▶ [Provided information]
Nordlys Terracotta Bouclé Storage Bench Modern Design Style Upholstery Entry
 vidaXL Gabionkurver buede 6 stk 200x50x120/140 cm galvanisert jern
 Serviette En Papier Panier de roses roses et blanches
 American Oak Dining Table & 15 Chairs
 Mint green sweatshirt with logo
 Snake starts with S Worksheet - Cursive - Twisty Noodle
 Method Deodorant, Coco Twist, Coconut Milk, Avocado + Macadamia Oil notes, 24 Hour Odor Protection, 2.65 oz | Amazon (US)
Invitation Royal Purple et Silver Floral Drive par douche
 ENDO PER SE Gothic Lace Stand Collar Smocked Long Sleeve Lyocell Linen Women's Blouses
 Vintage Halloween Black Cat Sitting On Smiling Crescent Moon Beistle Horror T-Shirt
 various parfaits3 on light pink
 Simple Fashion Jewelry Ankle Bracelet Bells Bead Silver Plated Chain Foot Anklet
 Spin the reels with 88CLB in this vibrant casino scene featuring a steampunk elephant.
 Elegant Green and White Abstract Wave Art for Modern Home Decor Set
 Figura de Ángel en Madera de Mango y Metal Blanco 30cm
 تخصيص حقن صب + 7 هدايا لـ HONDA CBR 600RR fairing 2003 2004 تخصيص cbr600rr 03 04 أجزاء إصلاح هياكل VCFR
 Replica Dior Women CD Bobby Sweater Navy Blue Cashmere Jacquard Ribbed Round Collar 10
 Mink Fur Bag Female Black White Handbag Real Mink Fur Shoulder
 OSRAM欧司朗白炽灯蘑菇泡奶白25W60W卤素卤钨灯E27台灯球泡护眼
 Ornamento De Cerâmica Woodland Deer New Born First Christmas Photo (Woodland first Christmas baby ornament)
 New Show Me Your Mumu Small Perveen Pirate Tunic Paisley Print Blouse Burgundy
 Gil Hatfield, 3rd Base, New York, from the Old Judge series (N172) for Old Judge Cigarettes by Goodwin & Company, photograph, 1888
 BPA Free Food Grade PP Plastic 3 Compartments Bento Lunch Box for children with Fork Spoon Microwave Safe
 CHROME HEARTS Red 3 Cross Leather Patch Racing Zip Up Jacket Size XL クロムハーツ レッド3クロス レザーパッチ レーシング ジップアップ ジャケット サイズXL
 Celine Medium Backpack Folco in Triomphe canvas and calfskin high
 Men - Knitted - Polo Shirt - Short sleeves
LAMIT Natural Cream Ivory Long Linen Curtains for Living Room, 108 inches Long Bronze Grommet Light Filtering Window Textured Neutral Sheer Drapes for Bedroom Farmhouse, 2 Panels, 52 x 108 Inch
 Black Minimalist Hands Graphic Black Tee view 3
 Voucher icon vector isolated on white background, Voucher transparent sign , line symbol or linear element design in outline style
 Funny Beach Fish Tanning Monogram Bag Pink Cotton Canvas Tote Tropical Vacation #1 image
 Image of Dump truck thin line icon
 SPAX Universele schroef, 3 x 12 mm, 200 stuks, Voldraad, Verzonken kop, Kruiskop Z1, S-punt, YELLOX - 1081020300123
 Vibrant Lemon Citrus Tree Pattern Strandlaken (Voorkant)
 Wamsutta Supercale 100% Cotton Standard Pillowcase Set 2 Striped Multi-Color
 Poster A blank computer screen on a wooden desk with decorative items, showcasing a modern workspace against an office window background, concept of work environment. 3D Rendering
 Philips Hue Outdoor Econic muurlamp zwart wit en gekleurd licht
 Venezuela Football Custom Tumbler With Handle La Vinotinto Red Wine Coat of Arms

▶ [Exercise goal]
Only the lines from the one with "Funny Beach Fish" to the end of the entries above belong in your answer. Retype them exactly.

▶ [Response area]
 Funny Beach Fish Tanning Monogram Bag Pink Cotton Canvas Tote Tropical Vacation #1 image
 Image of Dump truck thin line icon
 SPAX Universele schroef, 3 x 12 mm, 200 stuks, Voldraad, Verzonken kop, Kruiskop Z1, S-punt, YELLOX - 1081020300123
 Vibrant Lemon Citrus Tree Pattern Strandlaken (Voorkant)
 Wamsutta Supercale 100% Cotton Standard Pillowcase Set 2 Striped Multi-Color
 Poster A blank computer screen on a wooden desk with decorative items, showcasing a modern workspace against an office window background, concept of work environment. 3D Rendering
 Philips Hue Outdoor Econic muurlamp zwart wit en gekleurd licht
 Venezuela Football Custom Tumbler With Handle La Vinotinto Red Wine Coat of Arms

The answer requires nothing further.